● Brief descriptive captions
══════
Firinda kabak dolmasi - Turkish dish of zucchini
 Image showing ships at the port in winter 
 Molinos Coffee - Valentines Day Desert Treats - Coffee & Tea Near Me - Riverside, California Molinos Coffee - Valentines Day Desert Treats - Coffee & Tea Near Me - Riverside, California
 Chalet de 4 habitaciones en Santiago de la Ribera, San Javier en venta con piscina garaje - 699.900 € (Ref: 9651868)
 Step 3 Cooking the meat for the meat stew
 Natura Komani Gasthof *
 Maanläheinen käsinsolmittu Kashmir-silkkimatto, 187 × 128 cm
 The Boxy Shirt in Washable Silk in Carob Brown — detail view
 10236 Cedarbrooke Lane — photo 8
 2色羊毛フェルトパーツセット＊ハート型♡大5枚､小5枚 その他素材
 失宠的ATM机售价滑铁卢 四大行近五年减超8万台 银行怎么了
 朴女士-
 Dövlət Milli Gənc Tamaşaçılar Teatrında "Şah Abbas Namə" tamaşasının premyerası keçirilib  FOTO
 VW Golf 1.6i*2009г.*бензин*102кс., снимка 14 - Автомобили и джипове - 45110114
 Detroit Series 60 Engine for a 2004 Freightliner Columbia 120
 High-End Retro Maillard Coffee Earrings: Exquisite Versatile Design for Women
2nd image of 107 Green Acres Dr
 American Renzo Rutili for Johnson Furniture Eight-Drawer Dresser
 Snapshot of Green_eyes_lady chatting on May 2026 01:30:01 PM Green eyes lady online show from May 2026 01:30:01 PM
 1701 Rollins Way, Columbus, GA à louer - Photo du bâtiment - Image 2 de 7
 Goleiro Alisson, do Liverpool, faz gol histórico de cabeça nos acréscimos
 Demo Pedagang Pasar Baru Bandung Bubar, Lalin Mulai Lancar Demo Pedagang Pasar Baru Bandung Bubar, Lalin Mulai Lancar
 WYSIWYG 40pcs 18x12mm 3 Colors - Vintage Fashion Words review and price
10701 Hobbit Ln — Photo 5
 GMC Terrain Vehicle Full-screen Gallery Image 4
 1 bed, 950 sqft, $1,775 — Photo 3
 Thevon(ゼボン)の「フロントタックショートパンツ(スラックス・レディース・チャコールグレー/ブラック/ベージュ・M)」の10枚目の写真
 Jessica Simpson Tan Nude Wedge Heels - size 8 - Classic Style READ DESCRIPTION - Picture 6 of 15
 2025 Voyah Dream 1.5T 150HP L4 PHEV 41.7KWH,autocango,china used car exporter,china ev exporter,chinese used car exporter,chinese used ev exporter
══════
● Task
The range runs from the line above containing "10236 Cedarbrooke Lane — photo 8" to the line containing "VW Golf 1.6i*2009г.*бензин*102кс., снимка", inclusive. Restate those lines word for word and no others.

● Answer to this problem
 10236 Cedarbrooke Lane — photo 8
 2色羊毛フェルトパーツセット＊ハート型♡大5枚､小5枚 その他素材
 失宠的ATM机售价滑铁卢 四大行近五年减超8万台 银行怎么了
 朴女士-
 Dövlət Milli Gənc Tamaşaçılar Teatrında "Şah Abbas Namə" tamaşasının premyerası keçirilib  FOTO
 VW Golf 1.6i*2009г.*бензин*102кс., снимка 14 - Автомобили и джипове - 45110114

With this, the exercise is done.